ITEM 3.  Quantitative and Qualitative Disclosures about Market Risk

     Market risk represents the risk of loss that may impact our financial position, results of operations or cash flows due to adverse changes in market prices and foreign currency and interest rates. We are exposed to market risk because of changes in foreign currency exchange rates as measured against the U.S. dollar. We do not anticipate that near-term changes in exchange rates will have a material impact on our future earnings or cash flows. However, there can be no assurance that a sudden and significant decline in the value of foreign currencies would not have a material adverse effect on our financial condition and results of operations. Approximately 60% of our bank debt bears interest at variable rates; therefore our results of operations would only be affected by interest rate changes to

 

 

35


 

such outstanding bank debt. An immediate 10 percent change in interest rates would not have a material effect on our results of operations over the next fiscal year.     

     We do not enter into derivatives or other financial instruments for trading or speculative purposes. When appropriate, we enter into derivative financial instruments, such as forward exchange contracts and interest rate swaps, to mitigate the impact of foreign exchange rate movements and interest rate movements on our operating results. The counterparties are major financial institutions. Such forward exchange contracts and interest rate swaps would not subject us to additional risk from exchange rate or interest rate movements because gains and losses on these contracts would offset losses and gains on the assets, liabilities, and transactions being hedged. We have open forward exchange contracts to purchase approximately $6.8 million of foreign currencies as of June 28, 2009. The contracts mature between July 2009 and January of 2010. The fair value of these instruments at June 28, 2009 was a liability of $0.4 million.
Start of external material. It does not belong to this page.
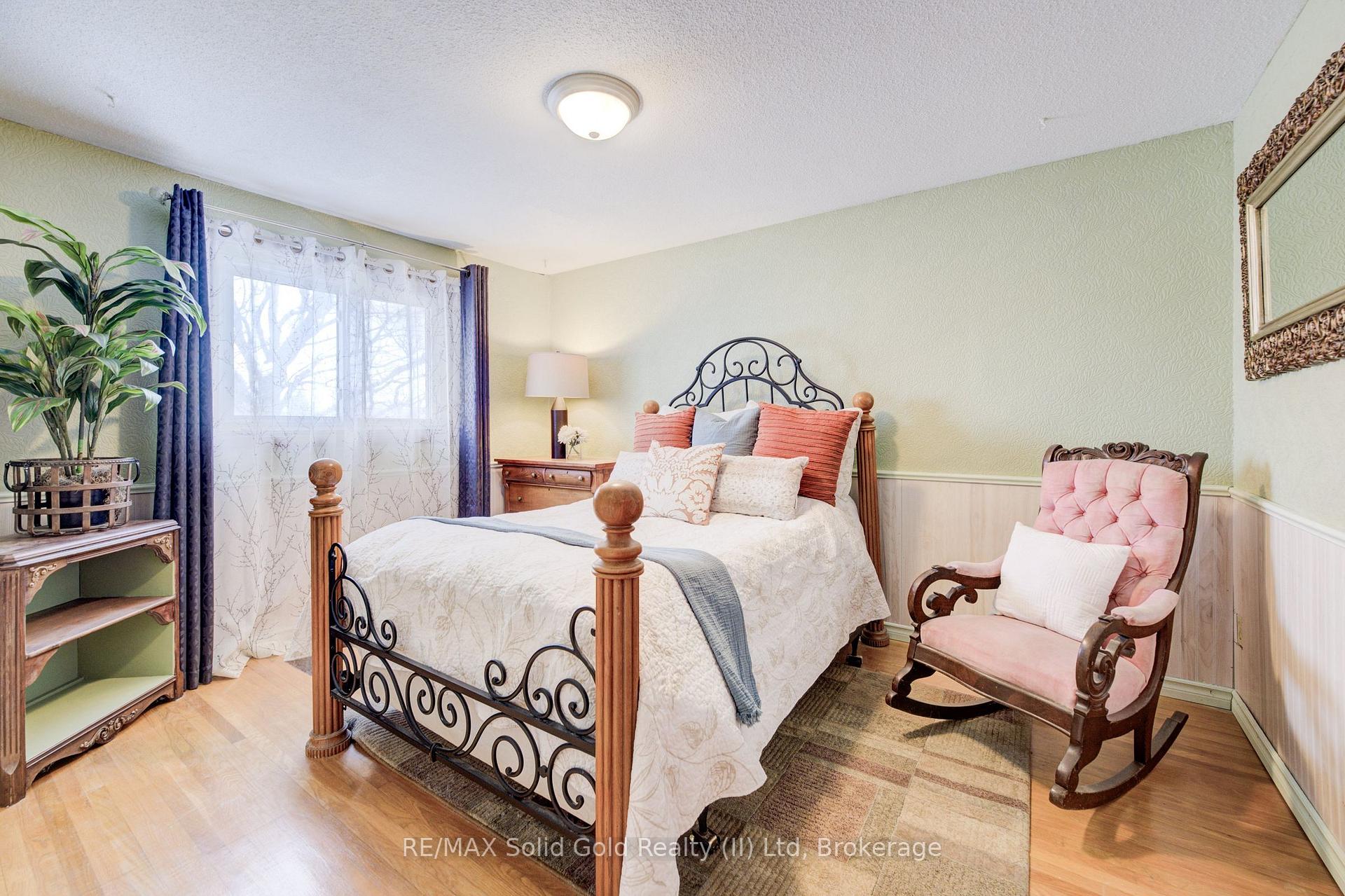 Photo 17 of 89 Oriole Parkway W, Woolwich — HOMEH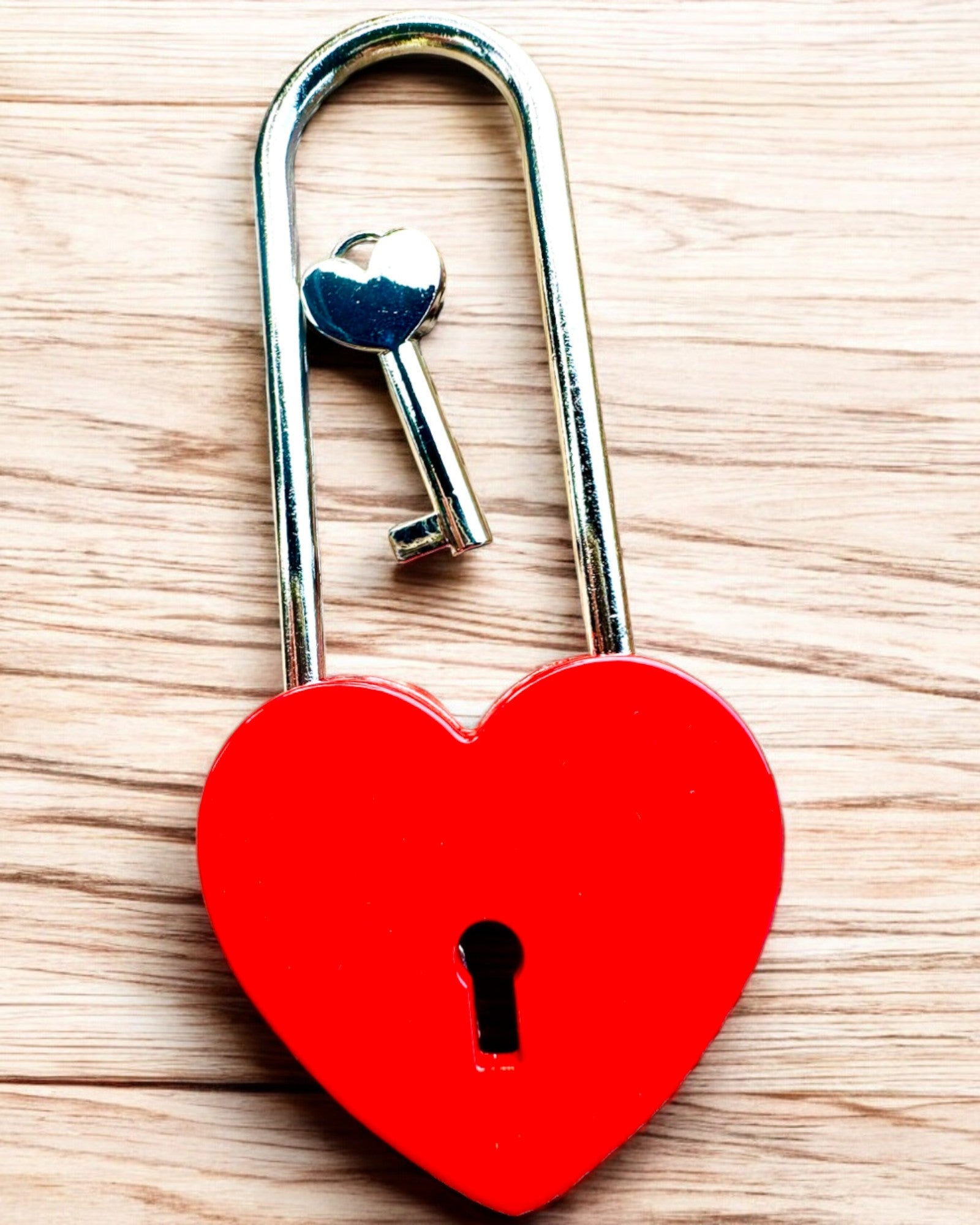 Magiska Kärlekslås med Graveringsalternativ som present, 5 färgvarianter att välja mellan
     In 2008, the Company entered into forward contracts to purchase 30 million Euros as a hedge of its net investment in Europe. These contracts mature in October 2013. The fair value of these instruments at June 28, 2009 was an asset of $0.1 million.

ITEM 4.  Controls and Procedures

Evaluation of Disclosure Controls and Procedures

     As of the end of the period covered by this report, and under the supervision and with participation of the Company's management, including the Chief Executive Officer and the Chief Financial Officer, the Company carried out an evaluation of the effectiveness of the design and operation of the Company's disclosure controls and procedures, pursuant to Exchange Act Rule 13a-15(b). Based upon that evaluation, the Chief Executive Officer and Chief Financial Officer concluded that the Company's disclosure controls and procedures were effective as of June 28, 2009.

Changes in Internal Control Over Financial Reporting

     The Company is in the process of implementing a global enterprise resource planning ("ERP") system to manage its business operations. As of June 28, 2009, all of our domestic locations were using the new system. The worldwide implementation is expected to be completed over the next few years and involves changes in systems that include internal controls. Although the transition has proceeded to date without material adverse effects, the possibility exists that our migration to the new ERP system could adversely affect the Company's internal controls over financial reporting and procedures. We are reviewing each system as it is being implemented and the controls affected by the implementation of the new systems, and are making appropriate changes to affected internal controls as we implement the new systems. We believe that the controls as modified are appropriate and functioning effectively.    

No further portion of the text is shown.